OAuth 2.1 device flow with PKCE for virtual data room APIs: a complete walkthrough

If you've used gh auth login, aws sso login, papermark login, the Stripe CLI's auth, or any of the dozen other modern developer tools that authenticate to a SaaS service from the terminal, you've used the OAuth 2.1 device authorization grant: informally "device flow." It's the right authentication primitive for tools that run on a machine without a browser, can't reliably bind to a localhost port, or get distributed to end users who shouldn't see your application's client secrets.

This article walks through what device flow is, why it exists, how Papermark's implementation works, and how to wire it into a tool you're building. It assumes intermediate familiarity with HTTP and bearer-token auth, but explains the OAuth-specific concepts as it goes. If you've ever wondered why gh auth login shows you a code and a URL instead of just opening a browser, this is the answer.

When to use device flow (and when not to)

Three signals you should be using device flow:

1. Your tool is a CLI, daemon, IoT device, or other "browserless" client that can't open a browser at the OS level reliably across all the platforms it runs on. CLIs running on remote SSH sessions, headless servers, locked-down corporate workstations, and Linux desktops with no default browser all benefit.
2. You distribute the tool to end users who own the credentials, not just to your own machines. Public CLIs (gh, papermark, Stripe, AWS) all fall into this bucket. The tool author cannot embed long-lived credentials because they'd be shared across all installs.
3. You want auto-refresh of access tokens so the user only authenticates once per ~90 days rather than every session.
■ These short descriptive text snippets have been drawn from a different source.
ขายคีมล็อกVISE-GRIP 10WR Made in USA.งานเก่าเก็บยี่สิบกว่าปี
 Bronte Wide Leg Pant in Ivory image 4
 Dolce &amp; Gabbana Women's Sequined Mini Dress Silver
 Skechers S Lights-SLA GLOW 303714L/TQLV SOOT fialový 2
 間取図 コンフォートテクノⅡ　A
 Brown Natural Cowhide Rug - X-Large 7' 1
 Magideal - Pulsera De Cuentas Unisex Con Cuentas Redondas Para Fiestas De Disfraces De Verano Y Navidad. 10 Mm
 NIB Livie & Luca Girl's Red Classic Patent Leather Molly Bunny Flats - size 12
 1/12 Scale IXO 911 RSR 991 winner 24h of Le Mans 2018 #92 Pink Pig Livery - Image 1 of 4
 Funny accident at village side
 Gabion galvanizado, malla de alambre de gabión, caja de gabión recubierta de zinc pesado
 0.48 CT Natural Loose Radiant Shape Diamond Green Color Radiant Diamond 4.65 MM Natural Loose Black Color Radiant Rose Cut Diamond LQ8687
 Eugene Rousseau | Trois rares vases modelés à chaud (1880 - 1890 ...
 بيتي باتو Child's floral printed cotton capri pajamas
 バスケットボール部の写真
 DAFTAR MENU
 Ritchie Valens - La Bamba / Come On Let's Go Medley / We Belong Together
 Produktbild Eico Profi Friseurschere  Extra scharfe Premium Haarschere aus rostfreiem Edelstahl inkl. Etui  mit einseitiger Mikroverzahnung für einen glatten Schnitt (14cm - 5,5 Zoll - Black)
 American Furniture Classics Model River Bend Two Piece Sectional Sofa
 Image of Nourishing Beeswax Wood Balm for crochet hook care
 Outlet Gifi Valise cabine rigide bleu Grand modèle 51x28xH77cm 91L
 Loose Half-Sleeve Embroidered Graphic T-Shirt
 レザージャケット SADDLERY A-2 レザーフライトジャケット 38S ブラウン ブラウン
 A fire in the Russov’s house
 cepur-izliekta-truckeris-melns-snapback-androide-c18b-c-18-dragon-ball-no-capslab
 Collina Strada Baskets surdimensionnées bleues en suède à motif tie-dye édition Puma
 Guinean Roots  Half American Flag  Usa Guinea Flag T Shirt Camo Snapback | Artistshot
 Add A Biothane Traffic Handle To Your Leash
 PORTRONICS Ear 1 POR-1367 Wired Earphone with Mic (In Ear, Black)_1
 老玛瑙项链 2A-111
Three signals you should not be using device flow:

1. You only need to authenticate one machine you own. A long-lived dashboard token (pm_live_… for Papermark, from app.papermark.com/settings/tokens) is simpler. No token-rotation logic, no PKCE handling, no polling.
2. Your tool runs in a CI environment where there's no human to enter a code. Use a static token from a secret manager (GitHub Actions secret, AWS Secrets Manager, Vault) instead.
3. You're authenticating server-to-server with no user identity involved. Use client credentials grant, not device flow.

The mental model: device flow is interactive auth for non-interactive clients. If either half of that doesn't apply, use something else.

The protocol in 6 steps

┌─ Tool ─────────────────┐                     ┌─ Auth server ───────────┐
│ 1. POST /device/code   │ ──── client_id ───▶ │                         │
│                        │      scope          │                         │
│                        │      code_challenge │                         │
│ 2. Receive             │ ◀─── device_code,   │                         │
│    verification URL +  │      user_code,     │                         │
│    user_code           │      interval,      │                         │
│                        │      expires_in     │                         │
│                        │                     │                         │
│ 3. Display URL + code  │                     │                         │
│    to the user         │                     │                         │
│                        │                     │  (user opens URL,       │
│                        │                     │   logs in,              │
│                        │                     │   enters code,          │
│                        │                     │   approves scopes)      │
│                        │                     │                         │
│ 4. Poll /token         │ ──── device_code ─▶ │                         │
│                        │ ◀─── pending ────── │  (user not yet acted)   │
│                        │ ──── device_code ─▶ │                         │
│                        │ ◀─── slow_down ──── │  (polling too fast)     │
│                        │ ──── device_code ─▶ │                         │
│                        │ ◀─── access_token ─ │  (user approved!)       │
│                        │      refresh_token  │                         │
│                        │      expires_in     │                         │
│                        │                     │                         │
│ 5. Store tokens        │                     │                         │
│    securely            │                     │                         │
│ 6. Auto-refresh on 401 │                     │                         │
└────────────────────────┘                     └─────────────────────────┘

The user opens the verification URL in any browser (including their phone, separate from the device running the tool), enters the user code, and approves the request. The tool. Which was polling. Receives the access token on the next poll attempt. The flow is standardized in RFC 8628.

PKCE: why it matters

Device flow uses PKCE (Proof Key for Code Exchange, RFC 7636) to prevent token interception. The tool generates a random code_verifier at the start of the flow (a 43-128-character random string) and includes a SHA-256 hash of it (code_challenge) in the initial request. When exchanging the device code for a token, the tool sends the verifier. The auth server verifies that SHA256(verifier) == challenge.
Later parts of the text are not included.